Setiap tahun, alokasi subsidi energi dalam APBN menjadi sorotan utama. Anggaran untuk menjaga harga Pertalite, Solar, dan LPG 3kg tetap terjangkau seringkali menjadi salah satu pos belanja terbesar negara. Dalam APBN terbaru, terlihat jelas bahwa pemerintah masih berhati-hati dalam mengelola pos sensitif ini, mencoba menyeimbangkan antara kesehatan fiskal dan stabilitas sosial.
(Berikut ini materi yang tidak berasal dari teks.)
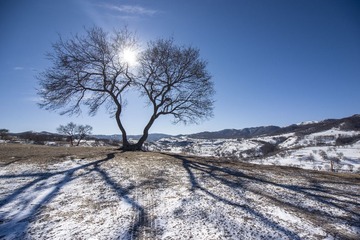 _DSC3651
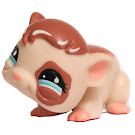 Littlest Pet Shop Large Playset Guinea Pig (#683) Pet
Prioritas Pemerintah: Menjaga Stabilitas Harga
Postur APBN terbaru menunjukkan bahwa prioritas utama pemerintah adalah menjaga stabilitas harga untuk mengendalikan inflasi. Meskipun ada sedikit penyesuaian kuota, alokasi dana subsidi energi APBN secara keseluruhan tetap sangat besar. Kebijakan ini secara efektif menunda risiko gejolak sosial yang bisa terjadi jika harga BBM dinaikkan secara drastis.
Dilema Anggaran Subsidi
Pemerintah menghadapi dilema klasik. Mempertahankan subsidi akan terus membebani APBN dan mengorbankan anggaran untuk sektor lain yang lebih produktif seperti pendidikan dan kesehatan. Namun, mencabutnya akan langsung memukul daya beli masyarakat dan menaikkan biaya logistik, yang pada akhirnya akan mengerek harga semua kebutuhan pokok.
Reformasi Menuju Subsidi Tepat Sasaran
Solusi yang kini dikejar adalah reformasi menuju subsidi tepat sasaran. Program digitalisasi seperti penggunaan aplikasi MyPertamina dan pemadanan data NIK terus didorong. Tujuannya adalah memastikan hanya masyarakat yang berhak yang bisa mengakses energi bersubsidi. Namun, efektivitas implementasi dan pengawasan di lapangan masih menjadi tantangan besar.
Intisari:
- Prioritas APBN: Subsidi energi tetap besar untuk menjaga stabilitas harga dan mengendalikan inflasi.
- Dilema Fiskal: Terjebak antara menjaga daya beli masyarakat dan menyelamatkan APBN untuk belanja produktif.
- Solusi Digital: Kebijakan bergeser menuju subsidi tepat sasaran melalui aplikasi MyPertamina dan data NIK.
- Implikasi: Stabilitas jangka pendek diutamakan, namun reformasi struktural untuk transisi energi masih berjalan lambat.